But Bill Barr’s DOJ, after having challenged the uncontroversial notion that the House should be permitted to receive what was obviously an impeachment referral, appealed to the DC Circuit, lost, and then stalled long enough to outlast Congress. Bill Barr effectively refused to let Congress receive and act on an impeachment referral. But Howell did her constitutionally mandated part.

It’s an action DOJ took during precisely the period when Barr was stalling long enough to outlast Congress that, in my mind, is the biggest secret Howell takes from her tenure: What happened with an investigation into a suspected $10 million donation in September 2016 from an Egyptian-owned bank that allowed Trump to stay in the race when he was running out of funds. Though aspects of the investigation were dribbled out in grand jury unsealings from Howell along the way, CNN first confirmed the Egyptian bank angle in 2020.

For more than three years, federal prosecutors investigated whether money flowing through an Egyptian state-owned bank could have backed millions of dollars Donald Trump donated to his own campaign days before he won the 2016 election, multiple sources familiar with the investigation told CNN.

The investigation, which both predated and outlasted special counsel Robert Mueller’s probe, examined whether there was an illegal foreign campaign contribution. It represents one of the most prolonged efforts by federal investigators to understand the President’s foreign financial ties, and became a significant but hidden part of the special counsel’s pursuits.

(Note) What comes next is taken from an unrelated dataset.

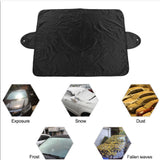 Windscreen Cover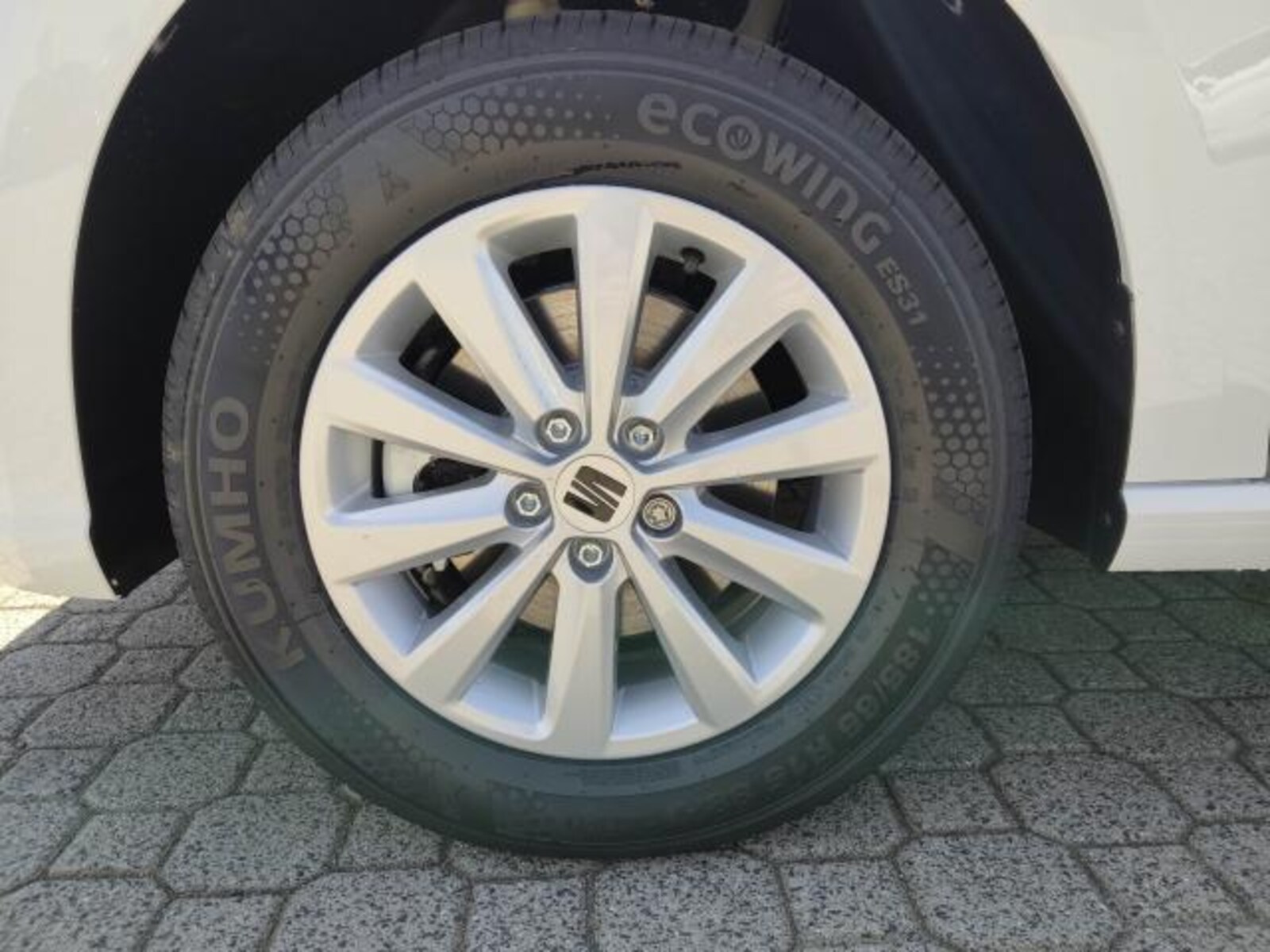 SEAT Ibiza – Bild 4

The investigation was kept so secret that at one point investigators locked down an entire floor of a federal courthouse in Washington, DC, so Mueller’s team could fight for the Egyptian bank’s records in closed-door court proceedings following a grand jury subpoena. The probe, which closed this summer with no charges filed, has never before been described publicly.

Prosecutors suspected there could be a link between the Egyptian bank and Trump’s campaign contribution, according to several of the sources, but they could never prove a connection.

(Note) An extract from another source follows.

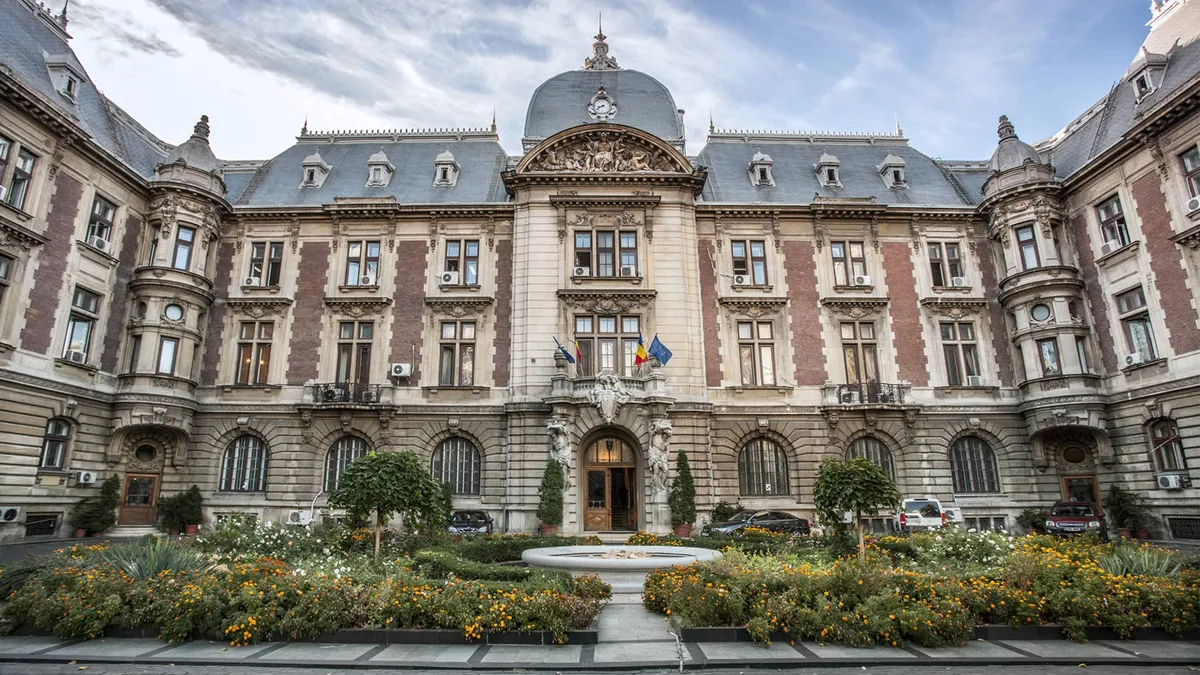 Demisie în Ministerul Agriculturii! Unul dintre oamenii de bază ai fostului ministru Chesnoiu pleacă din funcţia special creată pentru el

Shortly after the investigation was killed, Barr went up to Hillsdale College and ranted about prosecuting corruption.

This criminalization of politics is not healthy. The criminal law is supposed to be reserved for the most egregious misconduct — conduct so bad that our society has decided it requires serious punishment, up to and including being locked away in a cage. These tools are not built to resolve political disputes and it would be a decidedly bad development for us to go the way of third world nations where new administrations routinely prosecute their predecessors for various ill-defined crimes against the state. The political winners ritually prosecuting the political losers is not the stuff of a mature democracy.

The Justice Department abets this culture of criminalization when we are not disciplined about what charges we will bring and what legal theories we will bless. Rather than root out true crimes — while leaving ethically dubious conduct to the voters — our prosecutors have all too often inserted themselves into the political process based on the flimsiest of legal theories. We have seen this time and again, with prosecutors bringing ill-conceived charges against prominent political figures, or launching debilitating investigations that thrust the Justice Department into the middle of the political process and preempt the ability of the people to decide.

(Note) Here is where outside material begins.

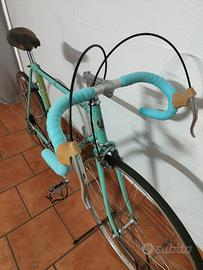 bicicletta da corsa Bianchi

This criminalization of politics will only worsen until we change the culture of concocting new legal theories to criminalize all manner of questionable conduct. Smart, ambitious lawyers have sought to amass glory by prosecuting prominent public figures since the Roman Republic. It is utterly unsurprising that prosecutors continue to do so today to the extent the Justice Department’s leaders will permit it.

Even at the time — with the Mike Flynn, Roger Stone, and Paul Manafort cases — it was clear that Barr was engaged in fairly unprecedented corruption of DOJ to protect Trump. Since then, we’ve learned of more. Most notably, as we await a potential Bragg indictment, Geoffrey Berman described how, after Cohen pled guilty in the hush payment case, Barr not only shut down any investigation of Trump on the charge, but attempted to reverse Cohen’s own prosecution.

While Cohen had pleaded guilty, our office continued to pursue investigations related to other possible campaign finance violations. When Barr took over in February 2019, he not only tried to kill the ongoing investigations but—incredibly—suggested that Cohen’s conviction on campaign finance charges be reversed.

Barr summoned Rob Khuzami in late February to challenge the basis of Cohen’s plea as well as the reasoning behind pursuing similar campaign finance charges against other individuals. Khuzami was told to cease all investigative work on the campaign finance allegations until the Office of Legal Counsel, an important part of Main Justice, determined there was a legal basis for the campaign finance charges to which Cohen pleaded guilty—and until Barr determined there was a sufficient federal interest in pursuing charges against others.

Barr even attempted to put supervision of the case in the hands of Richard Donoghue, as he did do with the Rudy Giuliani case.

Given that Barr didn’t think Trump should be prosecuted for the Cohen illegal contribution case, there’s no telling what he thought of the suspected Egyptian bank donation. Certainly, he was in complete control of DC USAO at the time, if he wanted to shut down an otherwise viable investigation.

We are, as Howell herself said, likely to know much of what she has been doing for the last two years. But her biggest secret is whether Bill Barr prevented DOJ from fully attempting to learn whether Donald Trump was beholden to Egypt or some other foreign country for the entirety of the time he served as President.


Evan Corcoran: You’re the Next Contestant on Trump’s Crime-Fraud Reality Show

Multiple outlets are reporting that Judge Beryl Howell, in what may be her last ruling as Chief Judge, has ruled that Evan Corcoran must testify about his conversations with Trump.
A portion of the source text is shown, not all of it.